By Jan Wolfe
WASHINGTON (Reuters) – Texas legal regulators have asked a judge to discipline attorney Sidney Powell for filing lawsuits they say were frivolous in support of former President Donald Trump’s false claims of election fraud.
The disciplinary action is a major development in what has become a nationwide effort to punish pro-Trump lawyers who tried to overturn the November 2020 presidential election result, but is not a final finding of wrongdoing.
A Texas state court judge will hear the complaint and decide whether to impose a sanction and what that might be.
In the complaint made public on Tuesday, the State Bar of Texas Commission for Lawyer Discipline said Powell “had no reasonable basis” for filing lawsuits challenging President Joe Biden’s victories in key battleground states.
“Respondent (Powell) had no reasonable basis to believe the lawsuits she filed were not frivolous,” the complaint stated and called the suits a violation of a federal ethics rule requiring an attorney’s due diligence before asserting claims in court.
Powell said in a statement that she looked forward to presenting evidence to clear her name.
“The Texas bar decision was totally expected, but it is an unfortunate and poor decision by the Bar,” Powell said. “No lawyer could practice law under the rule they would set for me.”
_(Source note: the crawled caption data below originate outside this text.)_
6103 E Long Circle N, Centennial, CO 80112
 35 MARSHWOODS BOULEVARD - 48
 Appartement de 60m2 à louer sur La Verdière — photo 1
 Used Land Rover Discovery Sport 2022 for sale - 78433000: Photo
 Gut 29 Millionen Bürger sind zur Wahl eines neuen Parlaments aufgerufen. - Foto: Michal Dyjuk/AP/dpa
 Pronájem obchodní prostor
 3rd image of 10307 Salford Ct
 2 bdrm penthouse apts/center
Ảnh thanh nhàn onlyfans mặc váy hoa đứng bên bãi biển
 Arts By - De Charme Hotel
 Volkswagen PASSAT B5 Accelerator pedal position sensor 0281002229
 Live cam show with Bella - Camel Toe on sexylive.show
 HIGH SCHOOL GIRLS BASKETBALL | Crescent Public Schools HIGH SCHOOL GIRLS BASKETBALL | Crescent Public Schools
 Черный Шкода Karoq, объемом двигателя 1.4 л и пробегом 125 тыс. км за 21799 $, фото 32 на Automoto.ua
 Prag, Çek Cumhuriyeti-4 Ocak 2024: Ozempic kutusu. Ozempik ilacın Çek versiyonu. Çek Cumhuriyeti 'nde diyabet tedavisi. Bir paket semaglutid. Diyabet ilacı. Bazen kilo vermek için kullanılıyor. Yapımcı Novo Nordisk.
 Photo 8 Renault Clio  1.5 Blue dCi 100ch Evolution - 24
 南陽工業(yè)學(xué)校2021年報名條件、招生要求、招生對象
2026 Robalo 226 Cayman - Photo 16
Powell represented Trump’s campaign when he sought to overturn the election result. His campaign distanced itself from Powell after she claimed without evidence at a Nov. 19 news conference that electronic voting systems had switched millions of ballots to Biden.
In August, a federal judge in Michigan said an election lawsuit Powell filed in that state was frivolous.
“This lawsuit represents a historic and profound abuse of the judicial process,” U.S. District Judge Linda Parker said in her decision, adding that the case “was never about fraud – it was about undermining the people’s faith in our democracy and debasing the judicial process to do so.”
Powell and lawyers with whom she worked have appealed that ruling, saying her conduct was ethical.